Circles is Mac Miller’s first, and likely only posthumous release. The album comes seventeen months after the singer/rapper was found dead in his home from an apparent drug overdose. His death sent shockwaves throughout the hip-hop and music communities at large. Artists like Kendrick Lamar, SZA, Travis Scott, John Mayer, Chance the Rapper, among others, paid musical tribute to Miller in a concert. Ex-girlfriend Ariana Grande also paid tribute in various ways since his death.
Despite the tragedy that shortened Mac Miller’s life to just twenty-six years, this last album is anything but hopeless and dark. In fact, it is an album of new beginnings, a new cycle of life. It’s less of a hip-hop collection, with tones mellow and calm and that I can only describe as having the sensation of a dewy, light blue fabric. Following the success of Swimming, it’s fair to say that Miller was on his way to a year of stardom. Circles, though, takes it down just a notch. Pitchfork gave this album a 7.4, compared to a 7.5 for Swimming. That made me chuckle. The difference in the goodness of the two albums is as slim as the slight change in tone that Miller’s voice takes. The energy is lower but lighter. Circles does not musically improve, but that’s not what is important. It rewrites, maybe edits, Miller’s life story.
On the first single, “Good News,” Miller croons about having to suppress negative emotions for the benefit of others: “Good news, good news, good news / that’s all they wanna hear / no they don’t like it when I’m dumb.” It’s a minimal track, but it’s bright and even a little quirky.
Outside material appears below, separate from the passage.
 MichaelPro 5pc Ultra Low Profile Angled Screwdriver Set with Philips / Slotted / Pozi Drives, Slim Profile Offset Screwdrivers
When listeners hear Mac has done “a little spring cleaning” in his head, I’m sure they couldn’t help but smile at the image. Towards the second half to end of the song, Mac—and this is when he feels like Mac, not “Miller”—envisions a better future. He sings, “there’s a whole lot more for me waiting on the other side,” lyrics that, while hopeful, have added unintentional weight after his passing.
The other songs on the track are just as personal. “Surf,” “Woods,” and “That’s On Me” detail personal relationships that have been affected by Mac’s mental health. “Surf” was particularly gripping, as it takes an intimate look at loneliness and having faith that someone, somewhere, somebody will understand you.
The difference in the goodness of the two albums is as slim as the slight change in tone that Miller’s voice takes. The energy is lower but lighter. Circles does not musically improve, but that’s not what is important. It rewrites, maybe edits, Miller’s life story.
And then I circle back to the title song, the first song, “Circles,” and its intro gives me chills. It lulls me into a calm place where I am able to focus on the words I’ve written here. With all of the hip-hop artists and other legends we’ve lost last year, and this year already—Nipsey Hussle, Juice WRLD, Pop Smoke—I wasn’t able to write about this album in a way I felt was right. Excited and missing Mac, I listened to Circles when it first came out and liked it, but now, in February, I embraced it even more. My emotional reaction is much stronger after the sudden deaths of Kobe Bryant, his young daughter Gianna Bryant, and six others in a late-January helicopter crash. It’s much stronger after I’ve gone through third-year midterms, my twentieth birthday, and the stress of becoming more of an adult every day.
Though he’s gone, I’m sure Mac understands all of these hardships, and that they in some form are all present in the songs that will continue to memorialize him and those we lost forever. Each game an athlete plays reflects the growth of not only their skills, but also their message, their creed, their emotional work. Each project an artist puts out reflects the same. It’s nice to remember that after their bodies have left us. Of course, then, everything turns into some kind of action of mourning. Bits and pieces of Kobe’s retirement speech were used at his memorial. His short-film and poem, “Dear Basketball,” written after he stopped playing professionally, became a self-inscribed eulogy. In the case of Circles, each lyric becomes a regret, a mistaken goodbye. In the last song on the track, “Once A Day,” Mac sings, “And everybody means something / When they’re stuck on your mind / But every now and again, why can’t we just be fine?” In his last gift to us, Mac simply and playfully reminds us that we should continue to have hope in times of loss. He gently reminds us that it’s a hard thing to do.